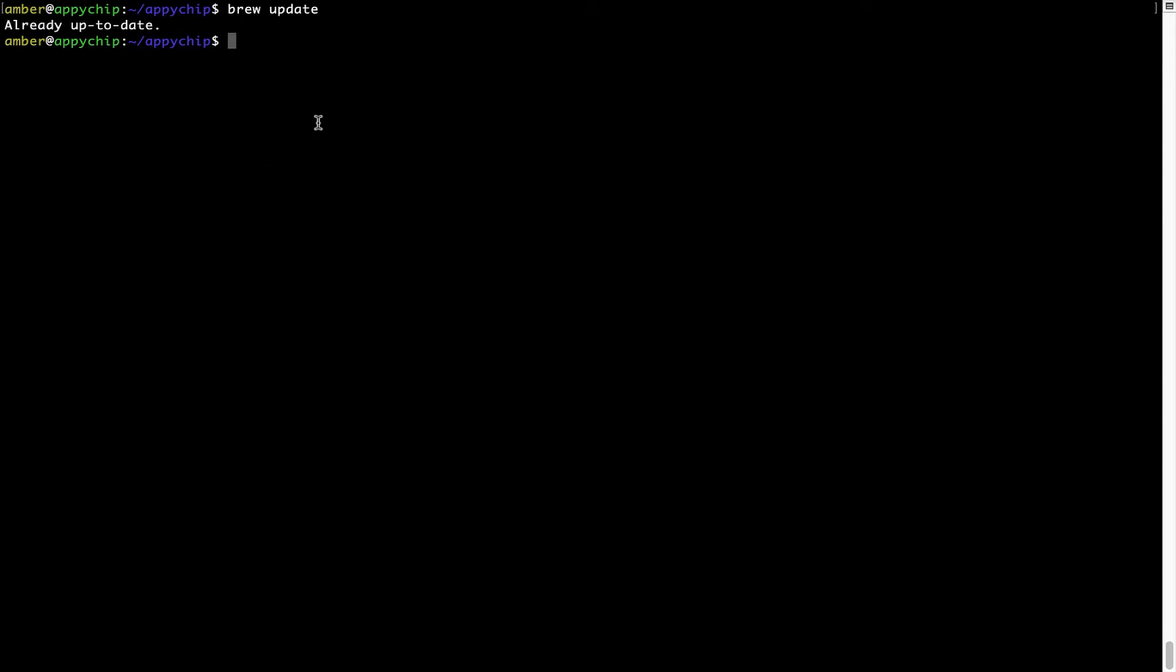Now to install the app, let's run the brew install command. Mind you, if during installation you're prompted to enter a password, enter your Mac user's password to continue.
————————
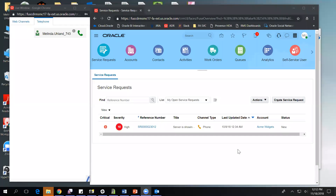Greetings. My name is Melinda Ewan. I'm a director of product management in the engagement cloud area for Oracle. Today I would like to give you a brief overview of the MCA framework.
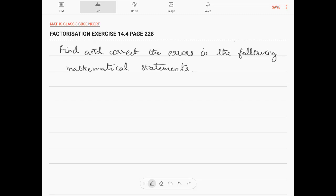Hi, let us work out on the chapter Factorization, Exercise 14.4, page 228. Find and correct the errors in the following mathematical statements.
————————
§ WHAT YOU HAVE TO DO
Within the entries above, the lines from the one containing "Greetings. My name" through the one containing "Hi, let us work" are to be transcribed exactly, ends included, pictures excluded.

§ SOLUTION
Greetings. My name is Melinda Ewan. I'm a director of product management in the engagement cloud area for Oracle. Today I would like to give you a brief overview of the MCA framework.
Hi, let us work out on the chapter Factorization, Exercise 14.4, page 228. Find and correct the errors in the following mathematical statements.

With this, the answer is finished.